Didier Migaud, premier président de la Cour des comptes, a remis ce jeudi 29 juin au premier ministre son audit sur la «situation et les perspectives des finances publiques». Le constat est très sévère. Les magistrats estiment que la prévision de déficit 2017 du précédent gouvernement à 2,8% repose sur des hypothèses complètement fantaisistes. Plus grave, selon la Cour, l'exécutif de François Hollande aurait volontairement publié des prévisions insincères. «La prévision des recettes apparaît surestimée et les dépenses manifestement sous-évaluées», taclent les auteurs. «Des biais de construction ont affecté la sincérité de la loi de finance initiale et du programme de stabilité», transmis chaque année à la Commission européenne, fustigent-ils. Le terme «sincérité» n'est pas choisi par hasard. Il a provoqué de vifs débats rue Cambon. Un budget jugé insincère par le Conseil constitutionnel peut en effet être invalidé.

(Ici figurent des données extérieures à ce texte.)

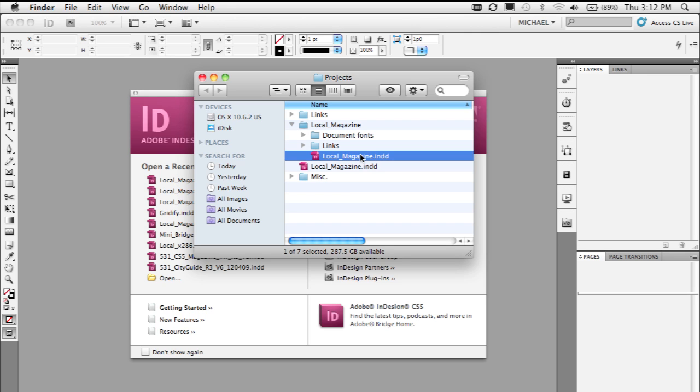Before InDesign CS5, however, InDesign didn't do anything with those fonts. It was still up to you or your printer or whoever was going to work on this document next to make sure those fonts were installed before you open the document.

Dans le détail, après avoir passé en revue toutes les lignes du budget, ces experts tablent sur des recettes inférieures de 2 milliards d'euros à l'objectif initial. En cause notamment, une surestimation des rapatriements d'avoirs jusqu'ici détenus à l'étranger. Les dérapages du volet dépenses sont encore plus frappants. La Cour évalue ces dépassements à 5,9 milliards d'euros. La seule recapitalisation d'Areva, non comptabilisée par le précédent exécutif, coûterait 2,3 milliards d'euros.
Des mesures d'économies nécessaires rapidement
Au total, environ 8 milliards d'euros manqueraient donc au budget pour tenir les objectifs. Si aucune mesure n'est prise d'ici la fin de l'année, «le déficit public pourrait être supérieur de l'ordre de 0,4 point de PIB à celui prévu dans le Programme de stabilité conduisant à une prévision de déficit autour de 3,2 points de PIB», lance la Cour des comptes.

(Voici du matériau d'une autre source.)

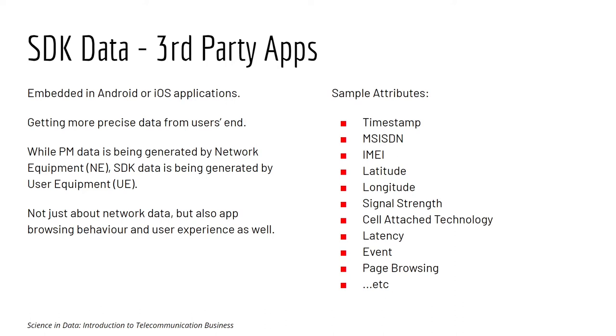For example, you have seen before that PM data is being generated by the network equipment. That means that you are actually measuring the network quality at the network end, not at the user end.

Pour ramener le déficit sous la barre des 3% et tenir ainsi les engagements européens de la France, le gouvernement devra à court terme passer par des annulations de crédit, et de «toutes les mesures d'accroissement de dépenses publiques non encore mises en œuvre» ainsi que par «des mesures d'économies portant sur toutes les administrations publiques», recommandent les Sages.
Un budget 2018 qui s’annonce difficile
L'équation s'annonce encore plus compliquée pour 2018. À cet horizon, le précédent gouvernement avait annoncé un déficit de 2,3%. La Cour des comptes ne donne aucun crédit à cette projection. Sur le seul périmètre de l'État, «les facteurs de hausse de la masse salariale et des autres dépenses devraient en 2018 tirer les dépenses de l'État à la hausse pour un montant compris entre 6,8 et 9,1 milliards d'euros, soit 8 milliards d'euros dans une hypothèse moyenne, correspondant à près de 0,4 point du PIB», alarment les magistrats.

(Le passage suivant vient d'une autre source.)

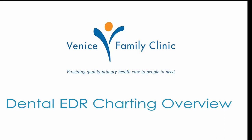Welcome to Venice Family Clinic. This video will provide an introduction to dental charting in NextGen.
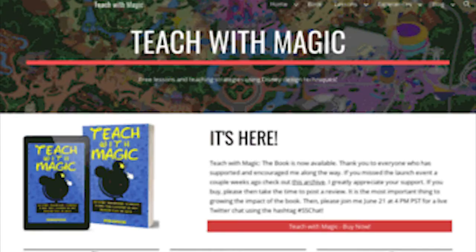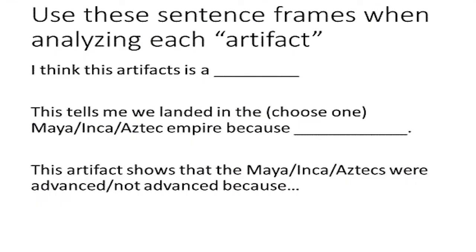Mr. Roten and I a couple years ago actually used to use this as a test. That version is found on mrroten.com. I've changed mine quite a bit and added the special effects part, which I'll talk about in a little bit. The premise is that they're trying to figure out where we landed, and for each artifact they also tell me whether they think it shows that the Mayans — or whichever empire they choose, though Mayans is the correct answer — were advanced or not advanced.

Réformer les grandes politiques publiques
Pour redresser les finances publiques, la Cour recommande donc de prendre le taureau par les cornes: maîtrise de la masse salariale des administrations, via par exemple le gel du point d'indice, une réduction des effectifs ou des avantages salariaux, et surtout des réformes des grandes politiques publiques - Éducation nationale, de la politique du logement, de la santé, de la formation- afin de les rendre plus efficaces.
Le rapport n'a pas manqué de faire sortir de ses gonds le précédent exécutif. L'ancien secrétaire d'État au Budget, Christian Eckert, a réagi dès mercredi 28 juin sur son blog: «Il ne faut pas oublier quelques données factuelles: le déficit public dépassait 150 milliards à la fin de la législature précédente, il était de moins de la moitié fin 2016, certifié par la Cour des Comptes. Tous les secteurs de la dépense publique y ont contribué, et si le déficit de l'État s'est en fait peu réduit, c'est que tous les allégements de cotisations sociales ont été compensés par l'État à la Sécurité Sociale».